Is the simple API replacing the Warehouse JSON and XML-RPC APIs?

Where possible, clients should prefer the simple API over the JSON or XML-RPC APIs, as the former is standardised and can be assumed to be available from any index, whereas the latter are exclusive to the Warehouse project.

However, while this PEP brings the simple API closer to being able to replace the JSON API, there is no formal policy that the simple API will replicate all of the functionality covered by the existing Warehouse APIs. Proposed additions to the simple API will still be considered on their individual merits, and the requirement that the API should be simple and fast for the primary use case of locating files for a project will remain the overriding consideration.

Why not allow other date formats?

The ISO 8601 standard is complex, and there seems little value in requiring clients to deal with that. The standard library datetime module provides methods to parse ISO 8601 strings, but it is possible that users may want to access index data without using Python (for example, piping the output of curl into jq). Having a single, well-defined format makes this easier, and doesn’t have any significant disadvantages.

What if file sizes are too big for a JSON number?

The JSON standard does not specify how numbers are to be interpreted. Python can read and write arbitrary-length integers in a JSON file, so this should not be an issue for code written in Python. Non-Python implementations may need to take care to handle large integers correctly, but this is not expected to be a significant problem.

Why not require PEP 440 versions?

At the time this PEP was written, PyPI still contains (and serves) projects and files with “legacy” versions. Requiring PEP 440 versions would make it impossible for PyPI to follow this specification while still serving the existing content.

Ideally, at some future time, the simple index API will be updated to require PEP 440 versions, at which time this specification should be updated to reflect that. However, that change will need to be co-ordinated with existing index providers including PyPI, to desupport and remove non-conforming projects and/or files.

Why not provide a “latest version” value?

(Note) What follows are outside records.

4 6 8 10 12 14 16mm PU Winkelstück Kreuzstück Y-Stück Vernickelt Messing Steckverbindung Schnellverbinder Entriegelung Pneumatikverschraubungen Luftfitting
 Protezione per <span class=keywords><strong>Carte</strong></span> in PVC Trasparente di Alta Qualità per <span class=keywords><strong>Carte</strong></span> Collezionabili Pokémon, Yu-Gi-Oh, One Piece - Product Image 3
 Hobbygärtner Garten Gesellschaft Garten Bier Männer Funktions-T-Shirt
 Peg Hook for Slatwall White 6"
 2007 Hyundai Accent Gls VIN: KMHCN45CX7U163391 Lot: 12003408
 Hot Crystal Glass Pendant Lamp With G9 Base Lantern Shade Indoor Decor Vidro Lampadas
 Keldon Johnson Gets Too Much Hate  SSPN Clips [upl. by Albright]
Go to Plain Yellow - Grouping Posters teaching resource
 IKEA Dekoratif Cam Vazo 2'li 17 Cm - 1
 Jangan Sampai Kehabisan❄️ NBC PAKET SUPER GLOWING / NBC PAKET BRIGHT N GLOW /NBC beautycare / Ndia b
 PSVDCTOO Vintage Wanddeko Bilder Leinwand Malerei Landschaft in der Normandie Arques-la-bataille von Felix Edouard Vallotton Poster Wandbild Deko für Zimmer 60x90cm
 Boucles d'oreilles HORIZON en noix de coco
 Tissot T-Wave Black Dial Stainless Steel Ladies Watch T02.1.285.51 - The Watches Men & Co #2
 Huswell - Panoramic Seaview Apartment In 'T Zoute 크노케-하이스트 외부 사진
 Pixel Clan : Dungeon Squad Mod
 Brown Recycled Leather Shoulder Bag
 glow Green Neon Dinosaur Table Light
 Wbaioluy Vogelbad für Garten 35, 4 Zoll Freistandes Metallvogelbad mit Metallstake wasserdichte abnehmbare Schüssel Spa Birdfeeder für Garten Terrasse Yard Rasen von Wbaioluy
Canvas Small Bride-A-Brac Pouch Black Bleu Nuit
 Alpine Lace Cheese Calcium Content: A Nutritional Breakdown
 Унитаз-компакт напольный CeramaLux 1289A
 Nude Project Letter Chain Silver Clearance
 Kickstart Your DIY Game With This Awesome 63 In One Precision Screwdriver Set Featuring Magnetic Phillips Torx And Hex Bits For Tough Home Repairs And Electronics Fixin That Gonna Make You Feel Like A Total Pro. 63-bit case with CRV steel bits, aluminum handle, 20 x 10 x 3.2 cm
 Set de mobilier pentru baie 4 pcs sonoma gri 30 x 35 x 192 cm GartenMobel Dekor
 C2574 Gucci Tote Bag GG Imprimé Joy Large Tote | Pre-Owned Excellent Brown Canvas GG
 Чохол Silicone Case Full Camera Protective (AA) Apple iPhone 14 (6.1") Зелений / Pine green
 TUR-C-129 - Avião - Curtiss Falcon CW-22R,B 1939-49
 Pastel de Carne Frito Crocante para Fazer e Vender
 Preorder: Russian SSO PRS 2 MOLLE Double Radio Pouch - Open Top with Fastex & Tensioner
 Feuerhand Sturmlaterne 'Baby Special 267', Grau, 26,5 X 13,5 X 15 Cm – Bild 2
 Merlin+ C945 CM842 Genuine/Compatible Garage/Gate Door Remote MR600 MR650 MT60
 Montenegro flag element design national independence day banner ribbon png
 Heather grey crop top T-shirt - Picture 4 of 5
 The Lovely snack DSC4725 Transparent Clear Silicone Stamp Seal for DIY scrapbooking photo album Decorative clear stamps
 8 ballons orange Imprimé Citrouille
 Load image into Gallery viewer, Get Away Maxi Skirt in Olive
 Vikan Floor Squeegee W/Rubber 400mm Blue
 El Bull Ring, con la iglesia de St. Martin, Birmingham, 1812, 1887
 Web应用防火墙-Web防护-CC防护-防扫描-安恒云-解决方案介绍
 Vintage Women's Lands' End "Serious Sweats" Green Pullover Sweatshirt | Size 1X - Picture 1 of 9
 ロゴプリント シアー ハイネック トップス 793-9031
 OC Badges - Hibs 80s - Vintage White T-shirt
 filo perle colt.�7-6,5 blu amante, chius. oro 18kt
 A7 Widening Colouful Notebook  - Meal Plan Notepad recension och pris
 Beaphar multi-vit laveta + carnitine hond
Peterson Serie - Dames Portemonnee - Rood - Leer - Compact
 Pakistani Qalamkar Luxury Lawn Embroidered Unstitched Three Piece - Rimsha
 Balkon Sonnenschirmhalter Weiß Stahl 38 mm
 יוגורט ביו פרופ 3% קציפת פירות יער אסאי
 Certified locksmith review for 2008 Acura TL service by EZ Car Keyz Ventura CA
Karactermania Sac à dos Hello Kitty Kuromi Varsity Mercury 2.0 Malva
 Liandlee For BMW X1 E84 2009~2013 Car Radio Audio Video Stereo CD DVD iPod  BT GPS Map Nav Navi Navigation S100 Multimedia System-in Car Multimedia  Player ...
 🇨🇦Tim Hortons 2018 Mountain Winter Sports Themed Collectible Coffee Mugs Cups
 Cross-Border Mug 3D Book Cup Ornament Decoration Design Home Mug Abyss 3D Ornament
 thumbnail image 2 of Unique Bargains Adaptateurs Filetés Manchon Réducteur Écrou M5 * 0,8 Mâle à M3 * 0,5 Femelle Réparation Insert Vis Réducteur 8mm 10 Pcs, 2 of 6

For PEP 440 versions, this is easy enough for the client to do (using the packaging library, latest = max(Version(s) for s in proj["versions"])). For non-standard versions, there is no well-defined ordering, and clients will need to decide on what rule is appropriate for their needs. Requiring the server to supply a latest version value takes the choice away from the client.

Servers with an explicit concept of which version is the “latest”, which cannot be calculated from data available to the client, can provide a non-standard, underscore-prefixed key to convey that information to the client if they wish.